Di balik setiap bangsa tersimpan warisan peradaban, warisan kebijaksanaan.
Di timur, barat, utara, selatan —
ilmu manusia bertemu, saling mengisi, saling menyempurnai.
Semua peradaban akhirnya mengajarkan satu hikmah:
bahwa tujuan umat manusia yang beragam adalah pertemuan dan perdamaian.
Itulah kepercayaan Indonesia pada multilateralisme.
Kepercayaan bahwa Perserikatan Bangsa-Bangsa lahir untuk menolak logika kuasa: “yang kuat berbuat semaunya, yang lemah menderita semestinya.”
Kepercayaan bahwa hikmah kemanusiaan dapat melahirkan keadilan.
Hari ini, tantangan kita nyata.
Perubahan iklim mengancam bumi.
Ketahanan pangan menentukan nasib keluarga di setiap negeri.
Indonesia memilih menjawab dengan kerja peradaban: energi bersih, hutan dipulihkan, produksi pangan ditingkatkan untuk rakyatnya, dan berbagi dengan saudara-saudara kita — termasuk Palestina.
Sebagai bangsa yang pernah dijajah, Indonesia tahu artinya dijajah, tahu artinya menderita.

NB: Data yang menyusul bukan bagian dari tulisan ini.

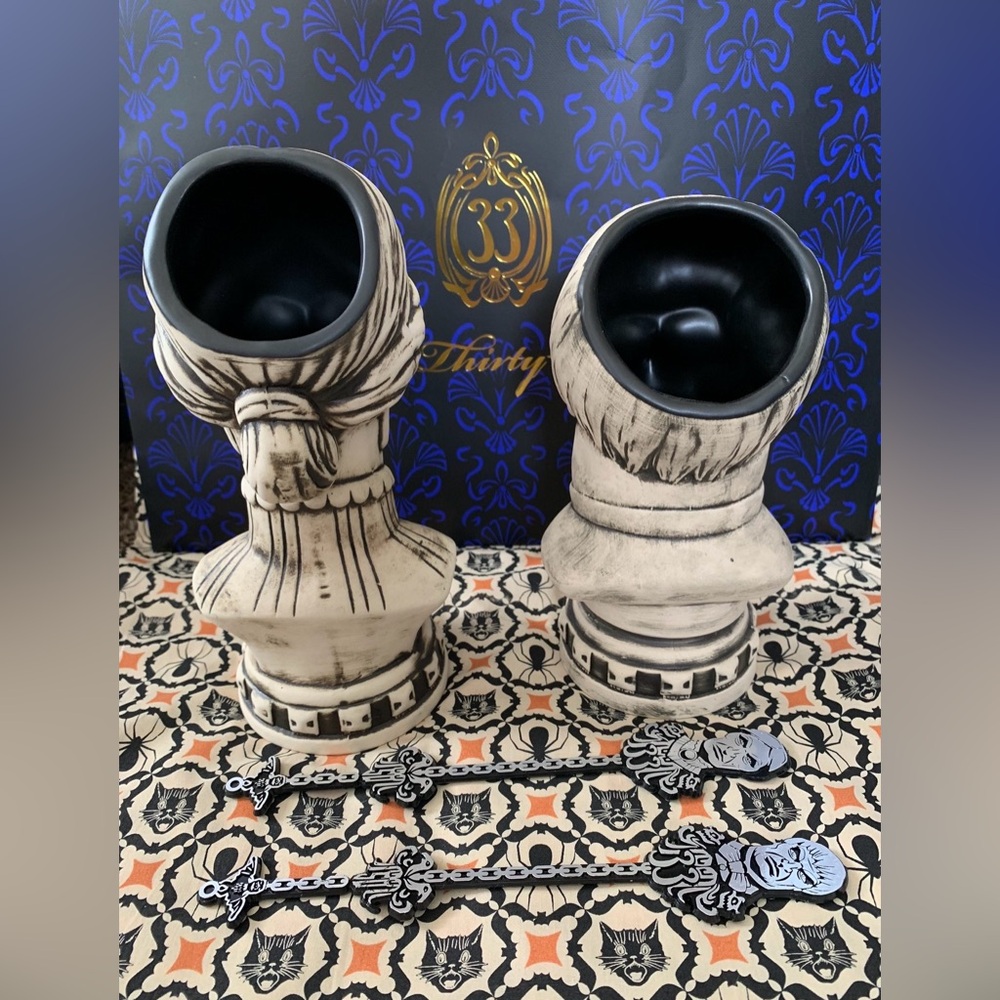 CLUB 33 HAUNTED MANSION 50th ANNIVERSARY BUST TIKI MUGS CUP SWIZZLES COASTERS - Picture 5 of 8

Ya, Indonesia tahu pedihnya diperlakukan sebagai warga kelas dua, direndahkan martabatnya lebih hina dari hewan.
Itulah sebabnya Indonesia tak akan pernah diam saat Palestina terus hidup di bawah penjajahan dan penderitaan.
Keadilan di mana pun adalah syarat perdamaian di mana pun. Di Gaza. Di Jakarta. Di dunia.
Indonesia siap memainkan peran itu:
menjahit peradaban, menjaga bumi,
menguatkan pangan, mengirim pasukan perdamaian.
Karena inilah hikmah peradaban.
Bahwa kita adalah satu keluarga besar umat manusia, menapaki jalan perdamaian bersama.
Jalan yang dimulai oleh leluhur kita,
dan jalan yang harus kita tuntaskan bersama.